::: Data provided

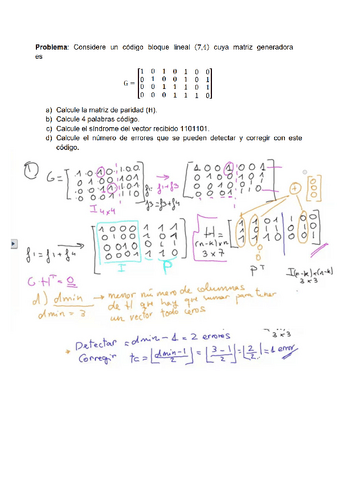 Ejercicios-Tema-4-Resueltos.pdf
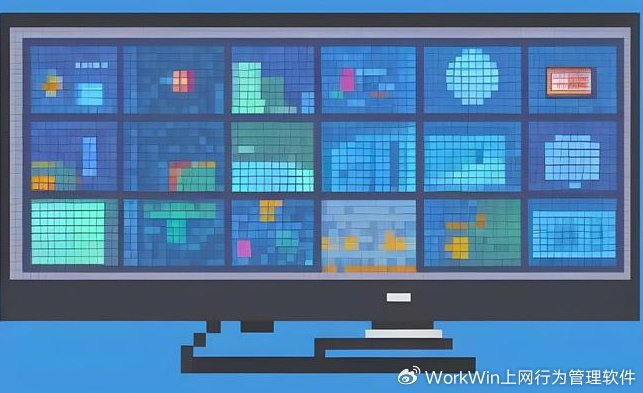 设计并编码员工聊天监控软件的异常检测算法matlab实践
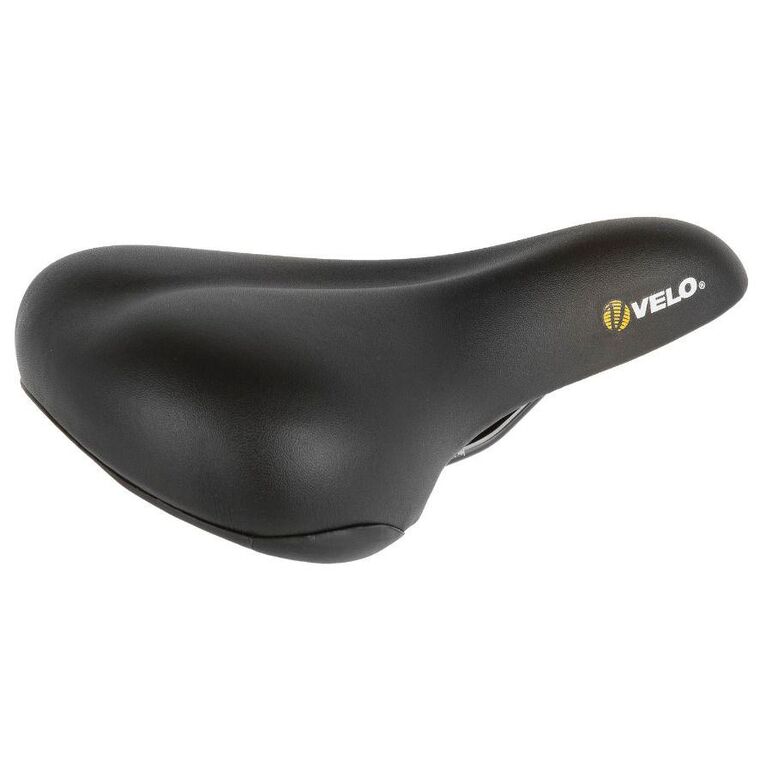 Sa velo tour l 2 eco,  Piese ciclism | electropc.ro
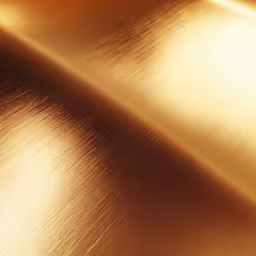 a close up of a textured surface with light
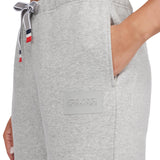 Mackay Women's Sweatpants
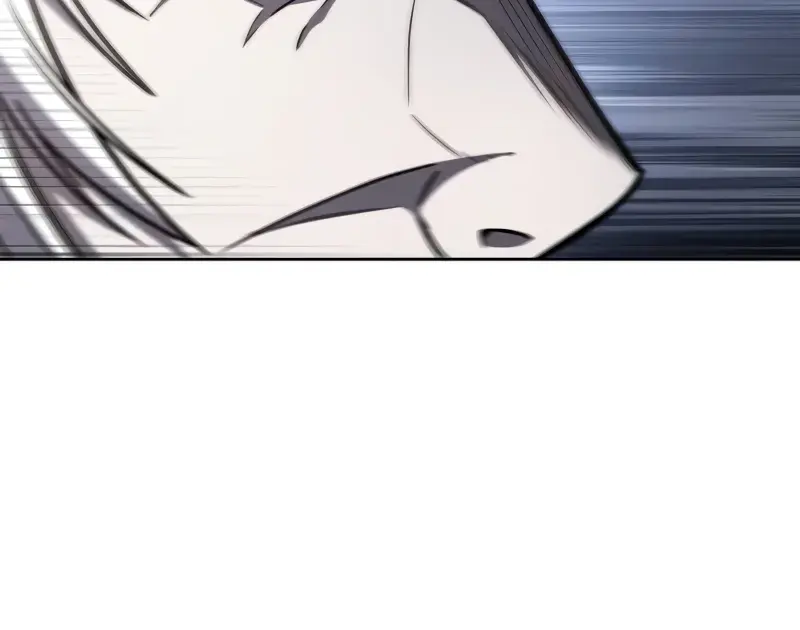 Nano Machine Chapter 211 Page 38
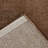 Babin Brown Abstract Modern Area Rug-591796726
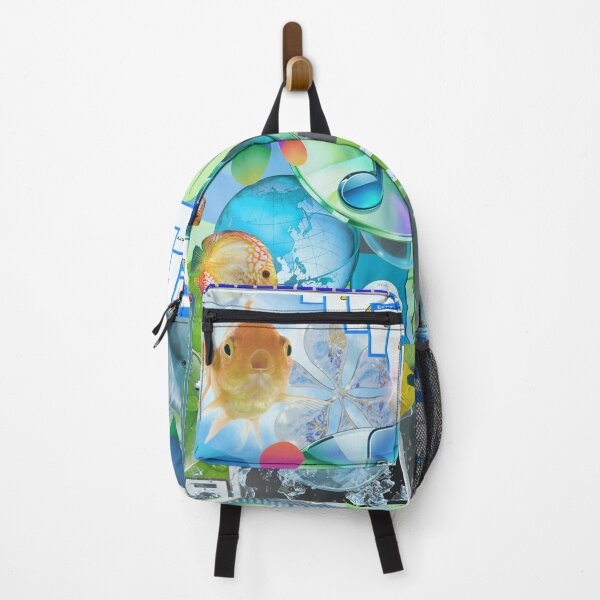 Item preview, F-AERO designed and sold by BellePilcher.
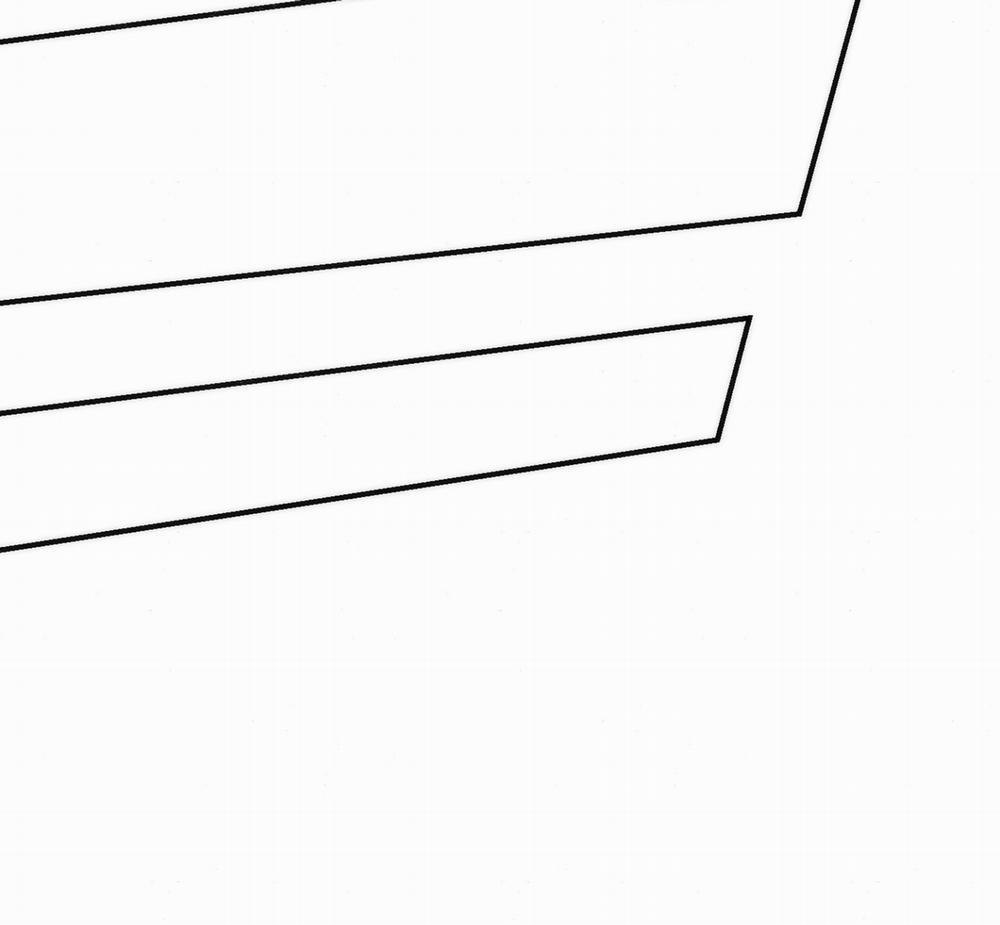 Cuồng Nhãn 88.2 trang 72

::::::

> **Task statement**
Please retype the data exactly as it appears, but without any of its pictures.

> **Task solution**
 Ejercicios-Tema-4-Resueltos.pdf
 设计并编码员工聊天监控软件的异常检测算法matlab实践
 Sa velo tour l 2 eco,  Piese ciclism | electropc.ro
 a close up of a textured surface with light
 Mackay Women's Sweatpants
 Nano Machine Chapter 211 Page 38
 Babin Brown Abstract Modern Area Rug-591796726
 Item preview, F-AERO designed and sold by BellePilcher.
 Cuồng Nhãn 88.2 trang 72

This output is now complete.